• [PROBLEM TO WORK ON]: In the listing below, locate the line with "Double Circle Gymnastics" and the line with "Cut-out leather belt", then output both and everything between them exactly, minus any pictures.

• [GIVEN DATA]:
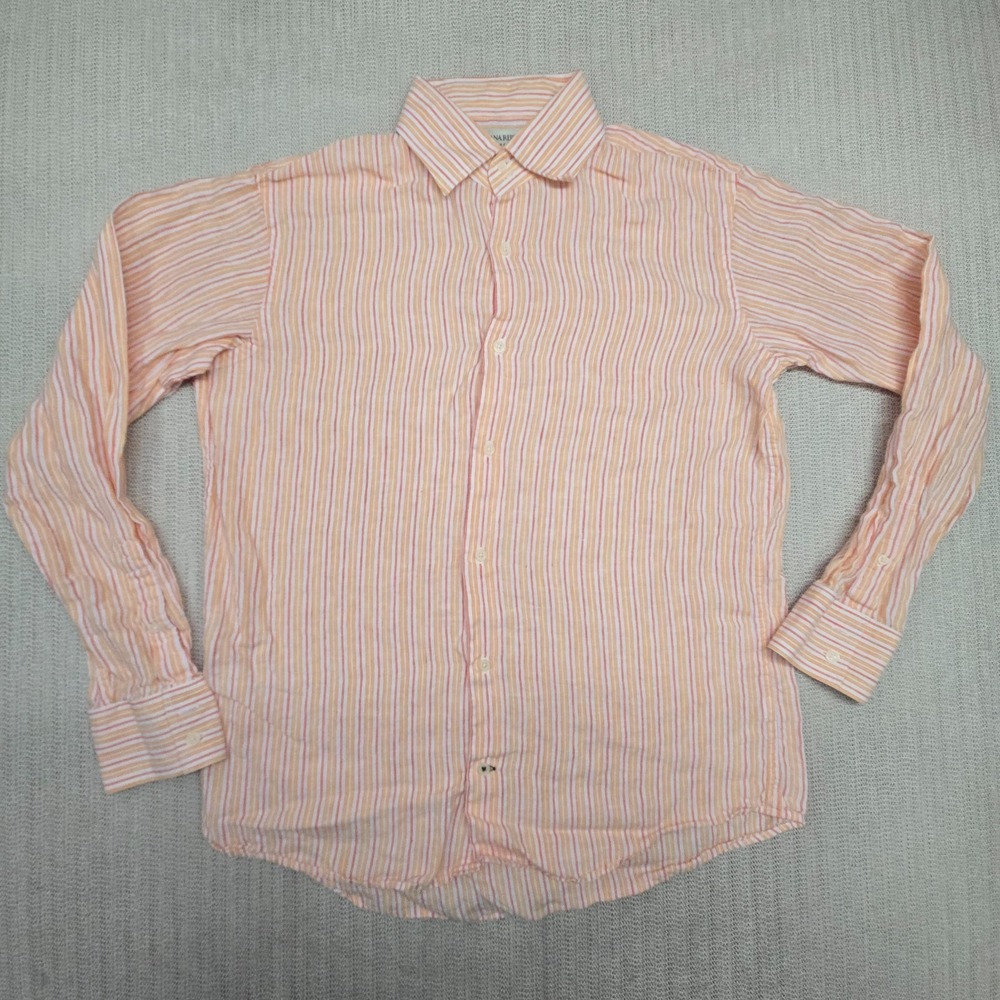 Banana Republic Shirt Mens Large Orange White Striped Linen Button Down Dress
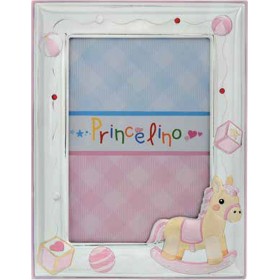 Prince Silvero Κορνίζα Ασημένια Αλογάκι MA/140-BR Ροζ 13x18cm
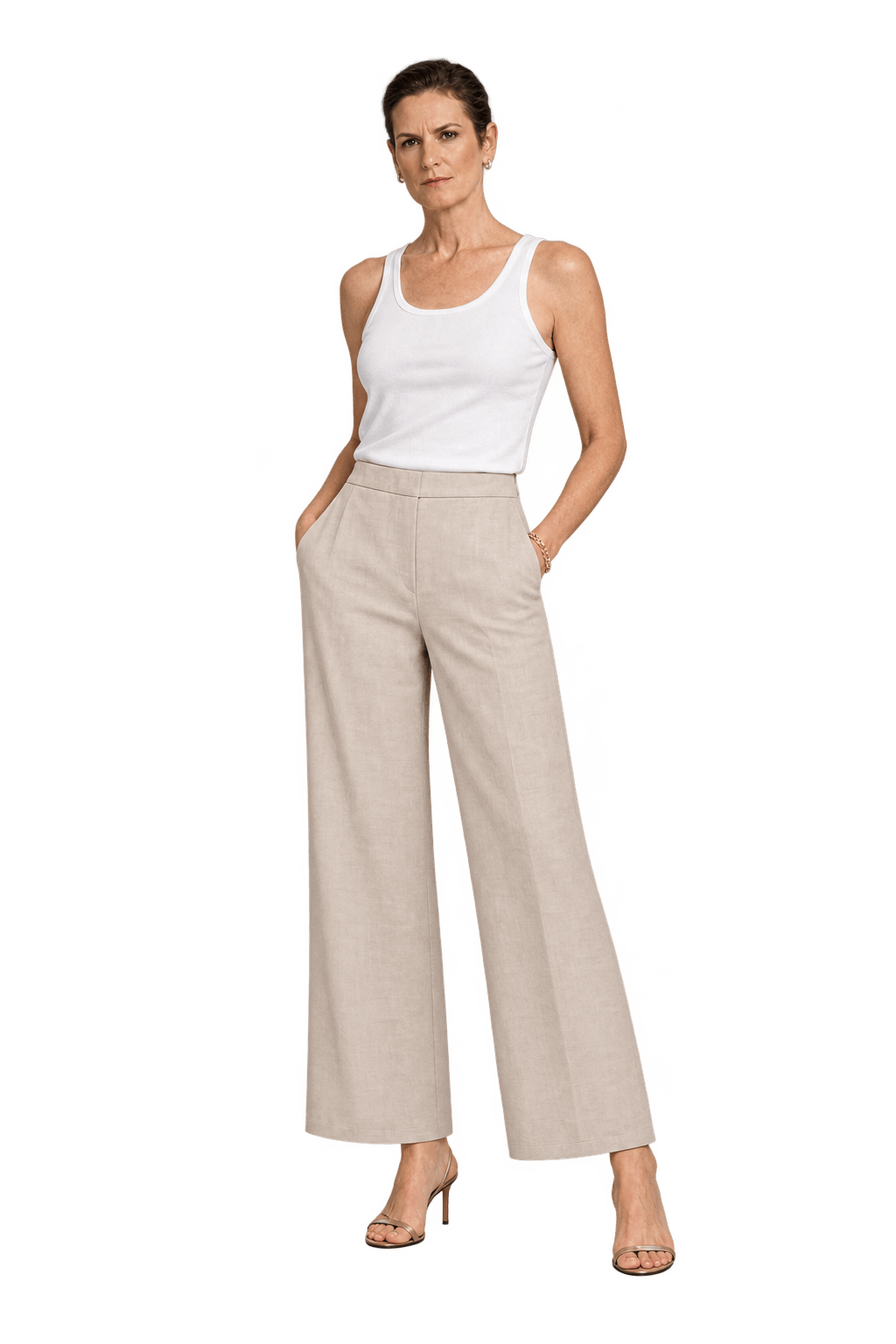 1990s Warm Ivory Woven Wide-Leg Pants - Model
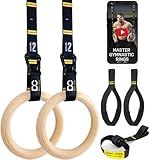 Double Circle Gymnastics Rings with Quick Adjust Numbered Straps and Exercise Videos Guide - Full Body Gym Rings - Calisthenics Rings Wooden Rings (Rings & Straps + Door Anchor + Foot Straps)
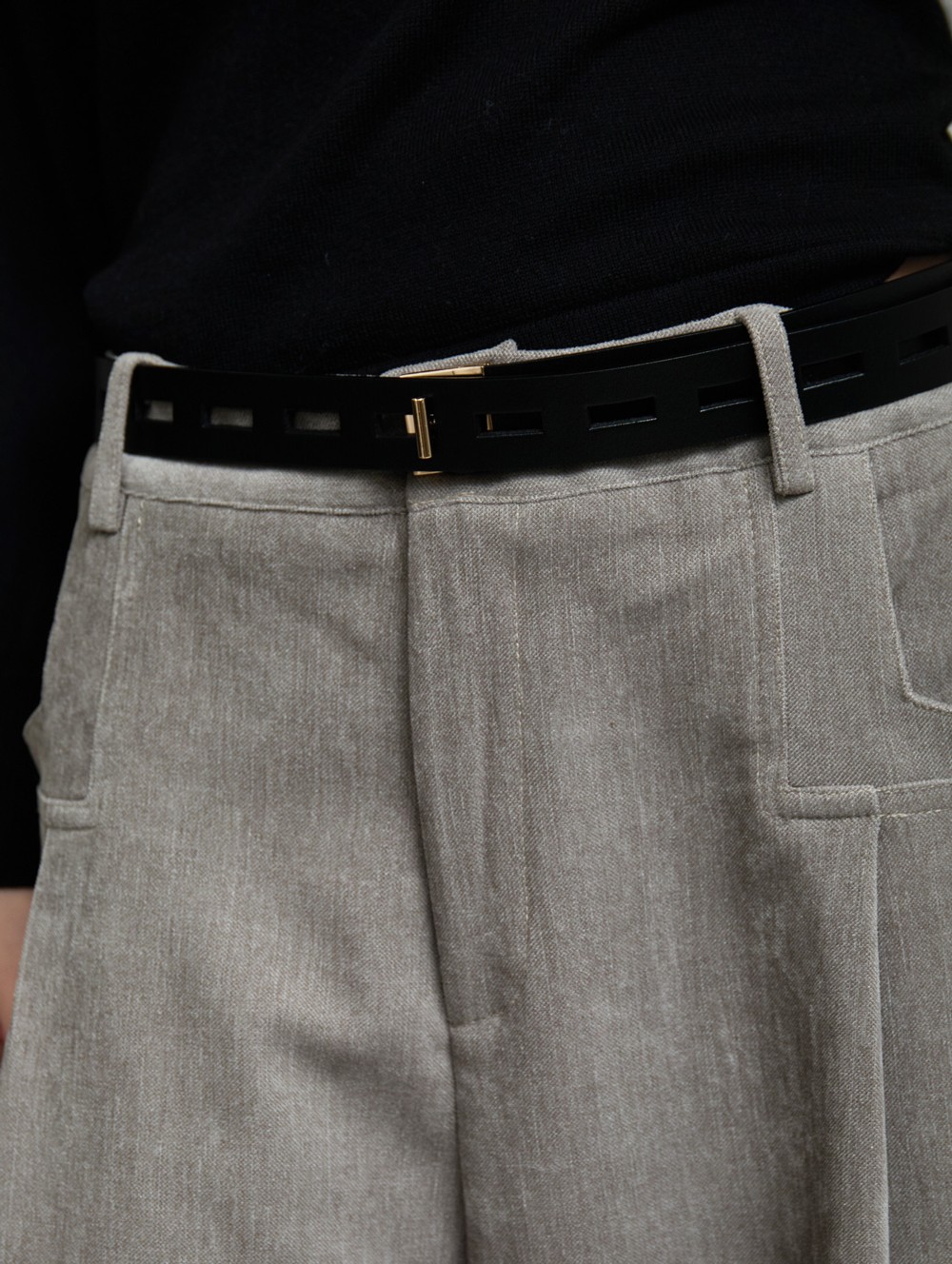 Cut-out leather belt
--
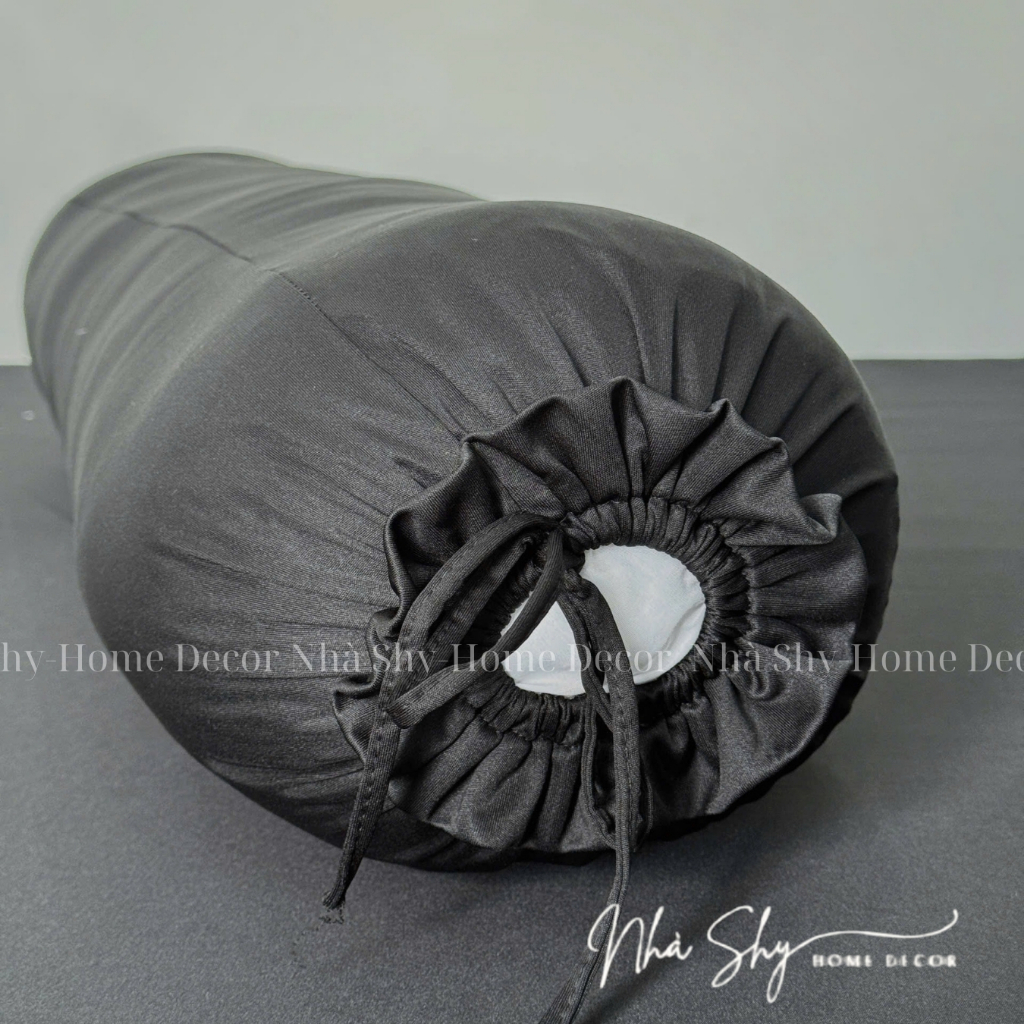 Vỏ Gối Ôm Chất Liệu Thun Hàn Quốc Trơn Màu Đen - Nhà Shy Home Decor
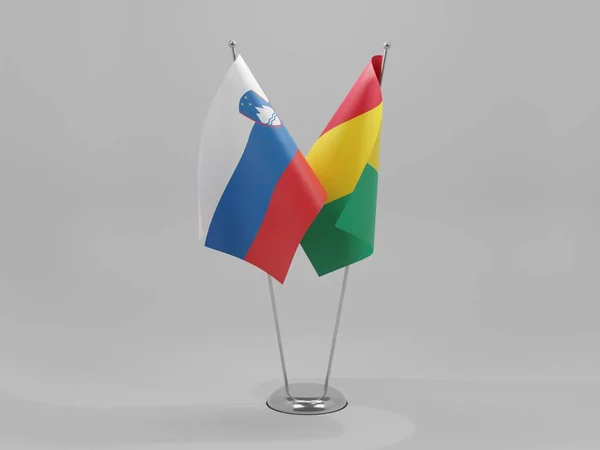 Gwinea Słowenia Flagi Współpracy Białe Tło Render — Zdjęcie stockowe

• [EXERCISE SOLUTION]:
 Double Circle Gymnastics Rings with Quick Adjust Numbered Straps and Exercise Videos Guide - Full Body Gym Rings - Calisthenics Rings Wooden Rings (Rings & Straps + Door Anchor + Foot Straps)
 Cut-out leather belt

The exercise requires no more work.